Legal status within Spain

The Spanish Constitution of 1978 declares that Spain is an indissoluble nation that recognizes and guarantees the right to self-government of the "nationalities" and regions that constitute it. Catalonia, alongside Basque Country, Galicia and Andalusia self-ascribed as "nationalities" in the elaborations of their Statutes of Autonomy – the first three acceding to autonomy automatically – and more recently in their new Statutes or recent amendments Aragon, the Valencian Community, the Balearic Islands and the Canary Islands also did.
   The 1979 as well as the current Statute of Autonomy, approved in 2006, state that "Catalonia, as a nationality, exercises its self-government constituted as an autonomous community in accordance with the Constitution and with the Statute of Autonomy of Catalonia, which is its basic institutional law.".
   The Preamble of the 2006 Statute of Autonomy of Catalonia states the Parliament of Catalonia defined Catalonia as a nation, but that the "Spanish Constitution recognizes Catalonia's national reality as a nationality". While this Statute was approved by and sanctioned by both the Catalan and the Spanish parliaments, and later by referendum in Catalonia, it has been legally contested by the surrounding Autonomous Communities of Aragon, Balearic Islands and the Valencian Community, as well as by the Partido Popular. The objections are based on various topics such as disputed cultural heritage but, specially, on the Statute's alleged breaches of the "solidarity between regions" principle enshrined by the Constitution in fiscal and educational matters. As of December 2007, the Constitutional Court of Spain is assessing the constitutionality of the challenged articles; its binding conclusion is expected for 2008.

Etymology

The name of Catalunya, (Catalonia) began to be used in the 12th century in reference to the group of counties that comprised the Marca Hispanica, which gradually became independent from the French. The origin of the term is subject to diverse interpretations. The most accepted theory suggests that Catalunya derives from the term "Land of Castles", having evolved from the term castlà, the ruler of a castle (see castellan).
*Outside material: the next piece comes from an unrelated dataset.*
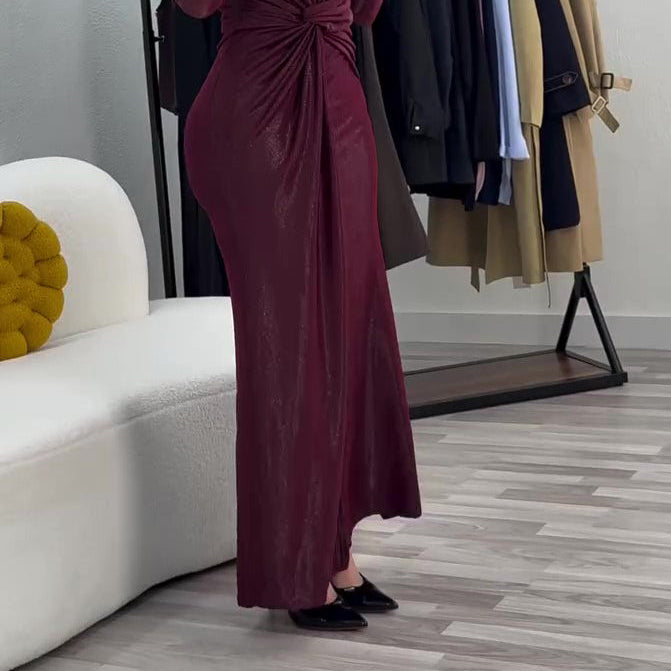 Metallic Maxi Dress With Twist Front Detail And Long Sleeves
This theory, therefore, suggests that the term castellà, "Castilian" would have been synonymous.
   Another theory suggests that Catalunya derives from Gotholàndia, "Land of the Goths" since the Franks usually designated the entire Iberian Peninsula as "Gothia". A similar version is suggested in Encyclopædia Iranica - according to it, the name "is but a slight deformation of Goth-Alania, province of the Goths and Alans".
   Other theories suggest that the name derives from a mythical German prince, Otger Cataló, or from the Laketani, a Pre-Roman tribe that lived in the area, whose name, due to the Roman influence, evolved to Katelans and then Catalans.

History

Like some other parts in the rest of the Mediterranean coast of the Iberian Peninsula, Catalonia was colonized by Ancient Greeks, who settled around the Roses area. Both Greeks and Carthaginians (who, in the course of the Second Punic War, briefly ruled the territory) interacted with the main Iberian substratum. After the Carthaginian defeat, it became, along with the rest of Hispania, a part of the Roman Empire, Tarraco being one of the main Roman posts in the Iberian Peninsula
   It then came under Visigothic rule for four centuries after Rome's collapse. In the eighth century, it became under Moorish al-Andalus control. Still, after the defeat of Emir Abdul Rahman Al Ghafiqiwas's troops at Tours in 732, the Franks conquered former Visigoth states which had been captured by the Muslims or had become allied with them in what today is the northernmost part of Catalonia. Charlemagne created in 795 which came to be known as the Marca Hispanica, a buffer zone beyond the province of Septimania made up of locally administered separate petty kingdoms which served as a defensive barrier between the Umayyad Moors of Al-Andalus and the Frankish Kingdom.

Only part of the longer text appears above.